Vector types, VLIW, and wavefront size
rick.weber Aug 31, 2011 7:43 PM (in response to fpaboim)Originally posted by: fpaboim I'm no expert but I believe the 5 and 4 after the "VLIW" stands for the number of "math units", the cypress had 4 AUs(arithmetic units) + 1 SFU(special function units) while the cayman has 4 AUs which can be rearranged when a SFU is needed to work as 1 AU + 1 SFU (3 AUs are grouped to serve as a SFU). I believe that SFUs in general just weren't being used that much (in relation to AUs that is, technically you still have one SFU per stream processor) so they preferred to do this and get little more space to pack more compute units. Since branching is hadled separately in the stream processor, you could say the stream processor itself is the "ALU" with 4 AU units + 1 SFU (in the cypress case) + 1 LU(logical unit). Since we have 16 stream processors per compute unit we the VLIW width is 16. 4 work items can be pipelined so thats why AMD recommends a wavefront size of 64.
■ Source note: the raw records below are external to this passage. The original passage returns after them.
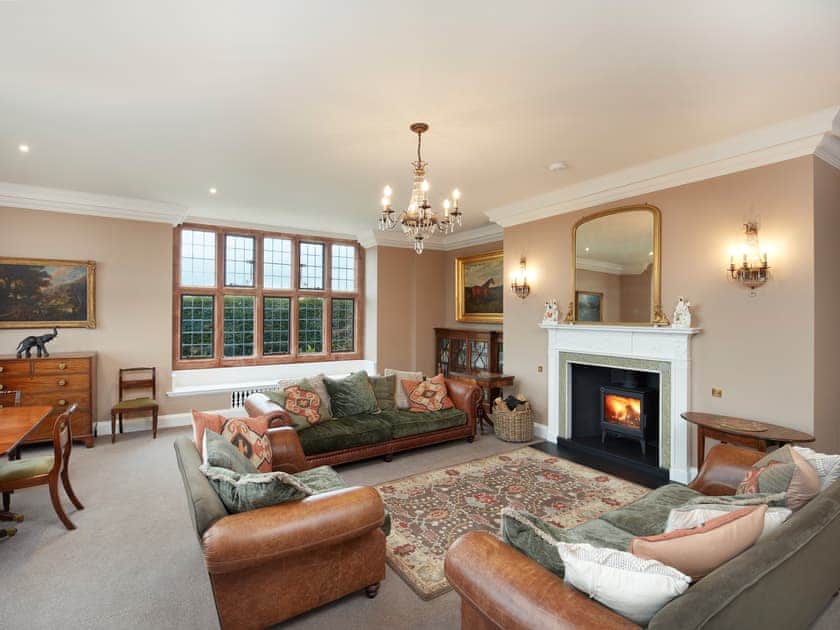 Sitting room | Marton Hall, Baschurch
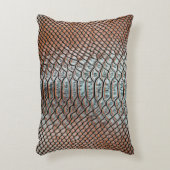 skin leather texture backgroundtexture,crocodile,l アクセントクッション (正面(垂直))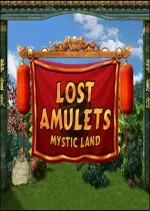LOST AMULETS - MYSTIC LAND DELUXE [PC]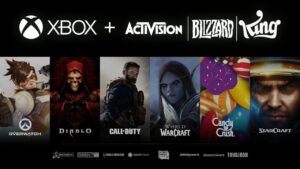 Microsoft compra Activision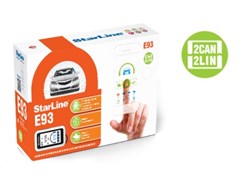 StarLine E93 2CAN+2LIN StarLine E93 2CAN+2LIN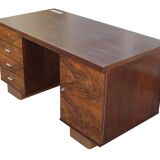1930's Modernist Desk by Jindrich Halabala for UP Brno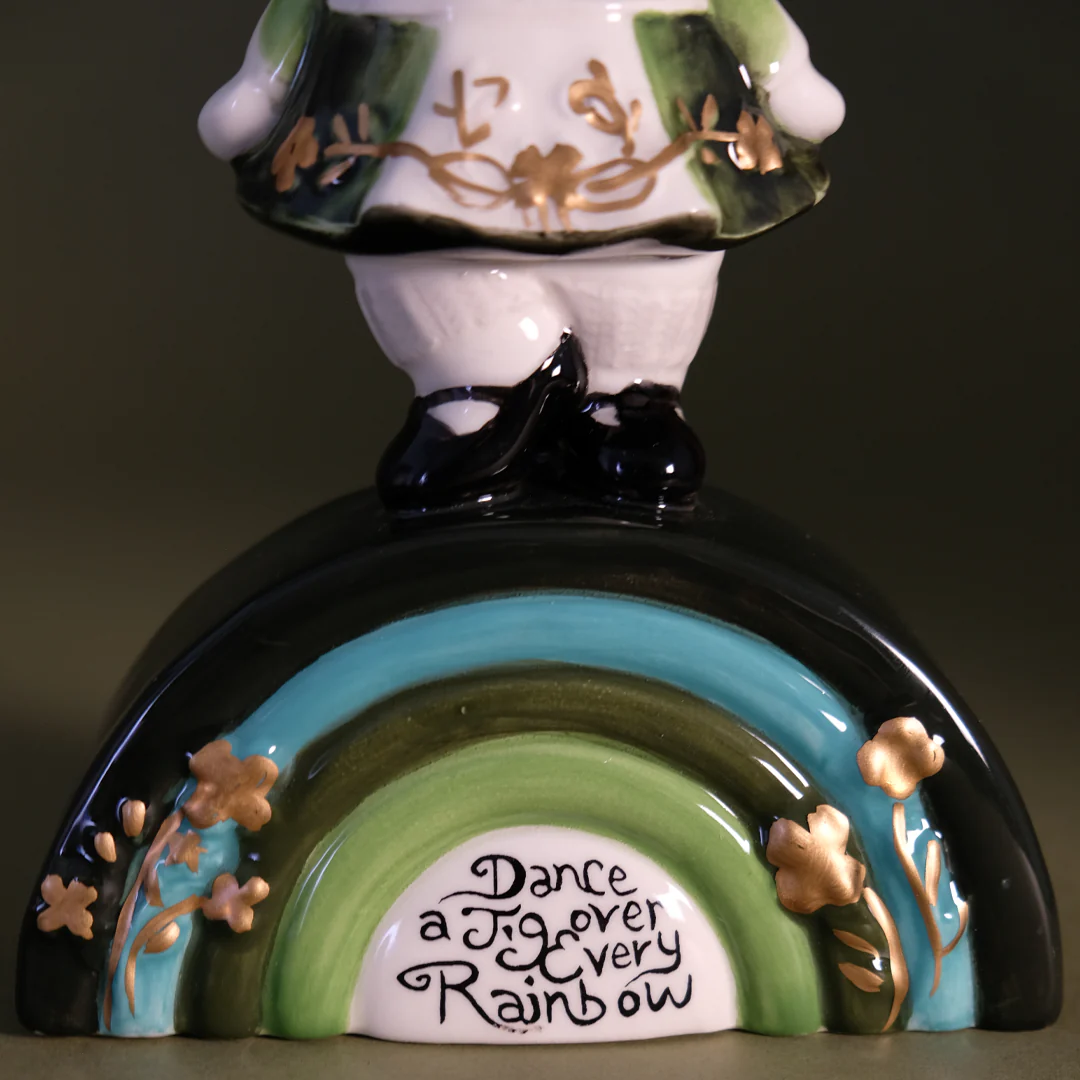 Hello Kitty Irish Dancer Figurine - Image 7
The recommended wavefront size is 64 because there are 16 stream processors per compute unit and each stream processor interleaves 4 threads over 4 clock cycles.
Each stream processor has 4 ALUs. This implies that code that has little instruction parallelism will use little of the available performance. In the worst case, you only use 1/4 of the available ALUs every clock cycle even with 64 threads. This is why float4s are highly recommended if you can get by with them, because they trivially expose independent calculations (in addition to higher bandwidth from global memory and textures).
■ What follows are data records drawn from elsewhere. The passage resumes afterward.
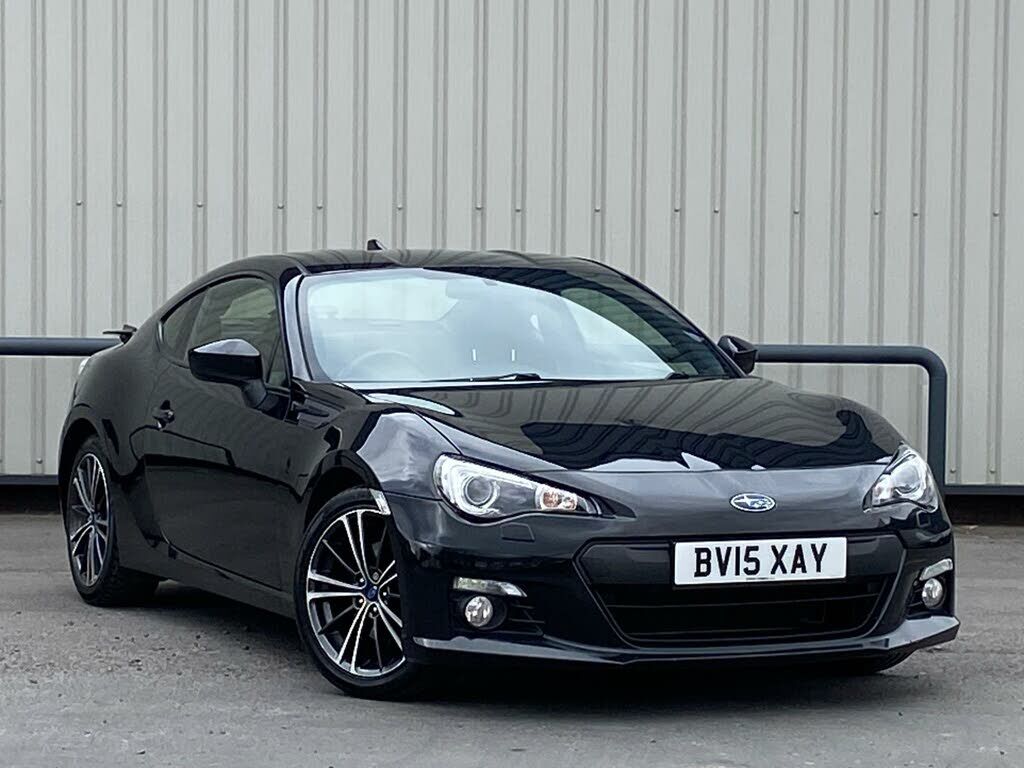 Subaru BRZ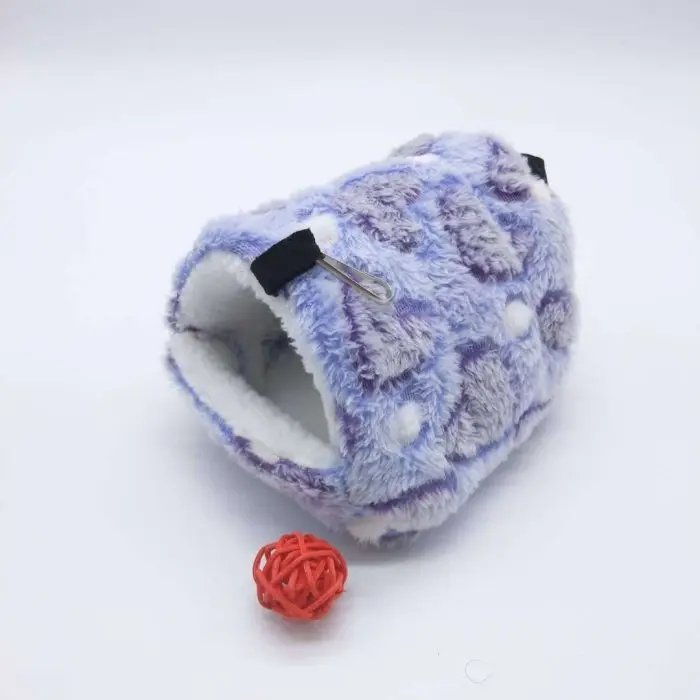 Warm & Comfortable Cotton Nest Bed For Hamster Pets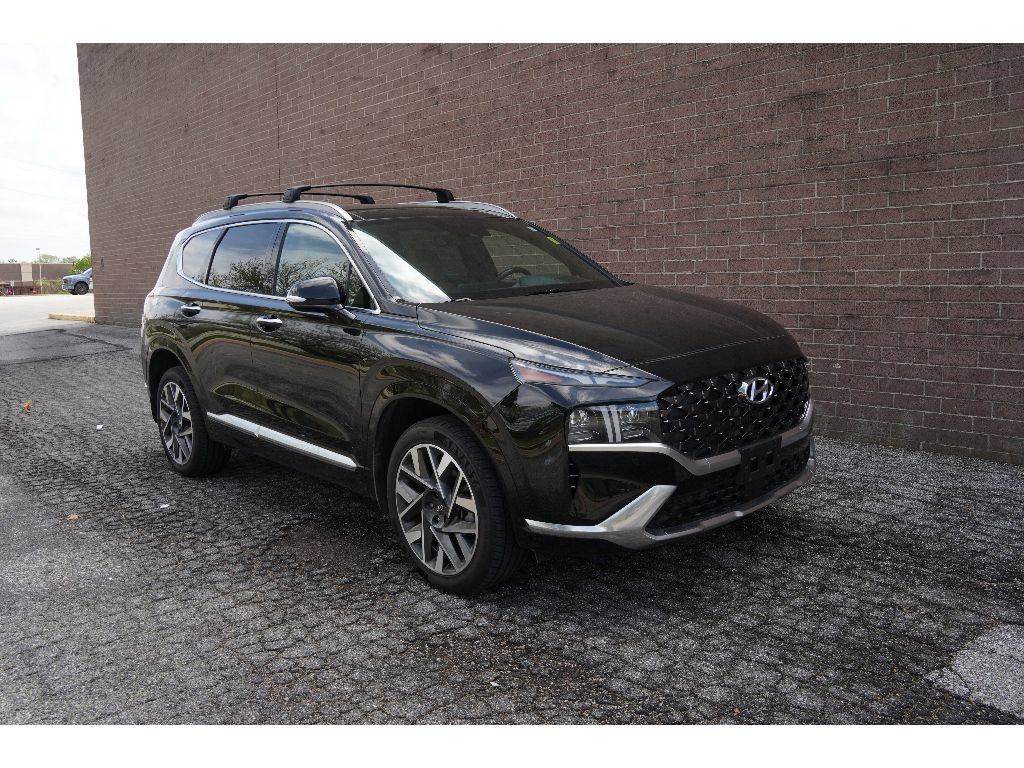 Used 2023 Hyundai Santa Fe Calligraphy image 7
Vector types, VLIW, and wavefront size
settle Sep 1, 2011 9:39 AM (in response to rick.weber)Originally posted by: rick.weber
Originally posted by: fpaboim Cypress had 4 AUs(arithmetic units) + 1 SFU(special function units) while the cayman has 4 AUs which can be rearranged when a SFU is needed to work as 1 AU + 1 SFU (3 AUs are grouped to serve as a SFU). I believe that SFUs in general just weren't being used that much (in relation to AUs that is, technically you still have one SFU per stream processor) so they preferred to do this and get little more space to pack more compute units.
The recommended wavefront size is 64 because there are 16 stream processors per compute unit and each stream processor interleaves 4 threads over 4 clock cycles.
Each stream processor has 4 ALUs. This implies that code that has little instruction parallelism will use little of the available performance. In the worst case, you only use 1/4 of the available ALUs every clock cycle even with 64 threads. This is why float4s are highly recommended if you can get by with them, because they trivially expose independent calculations (in addition to higher bandwidth from global memory and textures).
I think my misunderstanding originates from thinking the SPU in Cypress (VLIW5) could also execute add, sub, mul, etc. in what would seem to work best on float5. However, if the SPU can only execute functions like sin, cos, exp, etc. then I understand why it's float4. Can you confirm that the SPU in Cypress (VLIW5) cannot execute add, sub, mul, etc.?
Are there any cases where VLIW5 (4 ALUs + 1 SPU) could be fully used back to back over 4 cycles given that you said the wavefront size is 64? Also, when you say interleave 4 threads over 4 cycles, what exactly is a thread (workitem?) and is that like a waterfall or in lock step?

Vector types, VLIW, and wavefront size
himanshu.gautam Sep 1, 2011 10:02 AM (in response to settle)proper usage of SPU in cypress does not depend on the wavefront size.
To fully utilize VLIW5 of cypress you need to have enough Intruction level parallelism inside your kernel code. To be clear only a single kernel instance runs on a VLIW5.
Although I am not sure about the capabilities of the 5th processing unit in VLIW5.